Three days later, Remmel came out of sedation after a near constant series of surgeries. He almost immediately began telling the CHP officers crowding around his bed that he would one day rejoin them on patrol.
“I'm setting my goal to return to the field, to field duty,” Remmel recalls saying. “No one believed me then.”
He learned to use a $40,000 computerized leg that can gauge his stride and react accordingly – technology recently developed largely for wounded soldiers returning from Iraq. A $10,000 carbon fiber leg fills the spit-and-polish black uniform shoe on his right leg.
To pass the CHP's running tests, Remmel used a $30,000 pair of lighter, springier metal legs. He's run the 100 yards in 17.2 seconds – 18.6 seconds when he's wearing his bulletproof vest and gun belt.

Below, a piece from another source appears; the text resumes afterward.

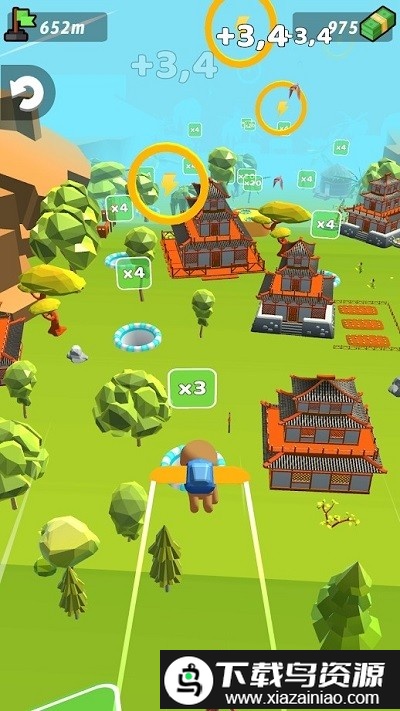 滑行汽车蹦床跳手机版最新版截图3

“When I first started doing this, I was falling every 10 yards or so,” Remmel said in an interview. Now he is so fast that he is considering competing in sports events for athletes with disabilities.
Remmel is two inches shorter now than his original six feet. Though he asked his prosthetists to make him an extra inch taller, they opted instead for a lower center of gravity.
Using his computerized legs, Remmel played golf again for the first time Monday – and shot a better score than before the accident. In June, he kayaked five miles up a lake, then hiked the last mile to one of the prime Sierra fishing lakes where he and his buddies used to backpack before he lost his legs.
“I needed my old life to come back as much as possible,” Remmel said of his internal motivation. “I needed to know that nothing 'ended' – and so far it hasn't.”
With 20 years in the CHP, Remmel could have retired on disability. But he said his experiences as an officer helped drive his determination to put on the uniform again.
“I've watched people's lives change in a moment through no fault of their own,” Remmel said. “It was just my turn.”
Remmel never sued the driver who hit him, although she was cited and lost her license.
“Money's fine. But I needed to feel like I was doing something with what I had after the accident,” Remmel said. To sue, “you'd have to ask what's a leg worth? And I couldn't come up with an answer.”